— PROVIDED RECORDS —
◇ ◇ ◇ ◇
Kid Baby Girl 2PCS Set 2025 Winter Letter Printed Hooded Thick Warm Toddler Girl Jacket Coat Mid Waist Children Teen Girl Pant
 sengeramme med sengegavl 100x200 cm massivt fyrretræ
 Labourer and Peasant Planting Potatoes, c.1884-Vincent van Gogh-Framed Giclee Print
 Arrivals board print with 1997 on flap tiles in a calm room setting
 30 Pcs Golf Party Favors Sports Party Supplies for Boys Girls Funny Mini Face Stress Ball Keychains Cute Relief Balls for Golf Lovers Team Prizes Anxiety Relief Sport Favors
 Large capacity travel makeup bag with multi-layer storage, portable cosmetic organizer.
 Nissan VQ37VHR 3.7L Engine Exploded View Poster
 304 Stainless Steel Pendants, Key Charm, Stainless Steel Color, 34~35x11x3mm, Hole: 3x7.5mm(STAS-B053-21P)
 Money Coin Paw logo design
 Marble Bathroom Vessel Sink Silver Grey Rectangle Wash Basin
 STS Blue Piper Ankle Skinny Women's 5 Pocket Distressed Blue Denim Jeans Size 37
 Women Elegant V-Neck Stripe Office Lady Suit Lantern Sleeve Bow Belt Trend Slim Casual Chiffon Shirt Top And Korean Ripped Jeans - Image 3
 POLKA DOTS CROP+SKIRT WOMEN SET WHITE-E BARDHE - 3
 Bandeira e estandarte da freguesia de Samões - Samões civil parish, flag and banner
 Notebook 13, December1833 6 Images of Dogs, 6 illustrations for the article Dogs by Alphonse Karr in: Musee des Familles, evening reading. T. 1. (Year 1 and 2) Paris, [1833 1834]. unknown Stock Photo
◇ ◇ ◇ ◇
— PROMPT —
Above are the records; from them, give again exactly the lines from the one containing "sengeramme med sengegavl" to the one containing "Arrivals board print", both lines included, and nothing more.

— RESULT OF THIS TASK —
 sengeramme med sengegavl 100x200 cm massivt fyrretræ
 Labourer and Peasant Planting Potatoes, c.1884-Vincent van Gogh-Framed Giclee Print
 Arrivals board print with 1997 on flap tiles in a calm room setting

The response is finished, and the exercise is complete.